Simple observation may be appropriate for many hemangiomas, allowing the lesions to regress spontaneously. Parents should be informed of the appropriate time frame and the pros and cons should be explained. Indications for therapy include ulceration and threatened interference with vital functions (e.g., feeding, vision, respiration, passage of urine or stool). Specifically, there is a risk of occlusion amblyopia, astigmatism, and myopia from periorbital hemangiomas, as well as interference with limb function, tissue destruction, or cardiovascular compromise from high-output cardiac failure. Strong consideration should be given to treatment of hemangiomas that may lead to permanent disfigurement or long-term psychological consequences, such as large hemangiomas of the ear, nose, glabellar area, or lips.

For therapy, β-blockers are used most frequently, but systemic treatment can rarely be complicated by bradycardia or hypoglycemia, and regular feedings are critical before and during treatment. Propranolol is now approved by the U.S. Food and Drug Administration (FDA) for hemangiomas in children over 45 weeks of age (e.g., 40 weeks of normal gestation plus 5 weeks of infancy would equal 45 weeks). Atenolol and other more selective β-blockers have been used in patients who have concerns about propranolol in terms of its risk of bronchoconstriction and sleep disturbances. Propranolol crosses the blood-brain barrier, so some have argued that other β-blockers may have a lower risk of cognitive or behavioral impairment, although long-term studies do not seem to show any learning disabilities in children who have been given propranolol for hemangiomas. Side effects of propranolol include hypotension, bradycardia, and hypoglycemia. Symptoms of hypoglycemia may be masked by the propranolol because it blocks the tachycardia and sweating that often alerts someone to his or her hypoglycemia. It is extremely important that the child has been fed immediately before the propranolol administration to avoid hypoglycemia. If children are vomiting or having diarrhea or not feeding well, the medicine should be held. Protocols for starting propranolol typically involve checking a baseline heart rate and blood pressure and then starting oral propranolol at 1 mg/kg/day divided twice daily at least 10 hours apart (0.5 mg/kg/dose). If the vital signs are normal 1 and 2 hours after starting this dose, it is continued for a week and then the patient is uptitrated to 2 mg/kg/day divided twice daily. In the same manner and if clinically indicated this can be repeated a week later up to 3 mg/kg/day divided twice daily. Regrowth of treated hemangiomas is frequently seen and seems to be more prominent the sooner the propranolol is stopped. Most authors will treat children until around 12–15 months of age and if there is rebound, the medication can be restarted. There are rarely children who need to stay on propranolol for multiple years and even more rarely children whose hemangiomas regrow somewhat a year or more after stopping the medicine.
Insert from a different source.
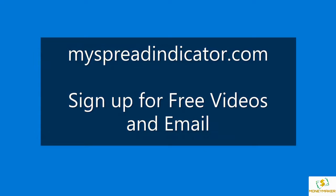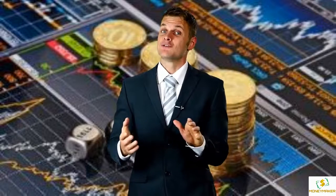Be sure and go to our website to sign up for free videos and emails. Thanks for watching. Don't forget to visit the website.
Some hemangiomas respond to topical β-blockers. Topical timolol, although off label, is extremely effective for superficial hemangiomas and can help heal ulcerations. The timolol gel-forming solution 0.5% is typically used, but caution is advised in premature infants and ulcerations. Timolol is approximately 10 times more potent per drop than propranolol and some advocate that similar precautions should be taken as for propranolol. Timolol is absorbed especially through the scalp and likely through mucous membranes or ulcerations. One drop is applied to the hemangioma 2 or 3 times per day.

Oral prednisolone at a dose of 2–4 mg/kg/day has also been used for IH but has mostly been replaced by propranolol. In the patients who respond well to treatment, the enlarging hemangioma stops growing in 3–21 days. The prednisolone is continued for 30–90 days. Systemic steroids are still used if propranolol is contraindicated or in conjunction with propranolol in hemangiomas that need to be treated emergently. The use of both medications concomitantly is extremely effective but when tapering the prednisolone, hypoglycemia has been reported. Intralesional corticosteroid treatment has been used but carries some risk of embolization and occlusion of ocular vessels. Injection regularly produces pressures exceeding the systemic arterial pressure, leading to possible embolization. Selective arterial embolization may be necessary for extremely large lesions such as in life-threatening situations.

Treatment with recombinant interferon is not used because of the risk of spastic diplegia. Topical imiquimod, low-frequency ultrasound, and ultrapotent topical steroids have been used historically before the realization of the efficacy of β-blockers. Both neodymium-doped yttrium-aluminum-garnet (Nd:YAG) and potassium titanyl phosphate (KTP) lasers have been used to deliver intralesional therapy.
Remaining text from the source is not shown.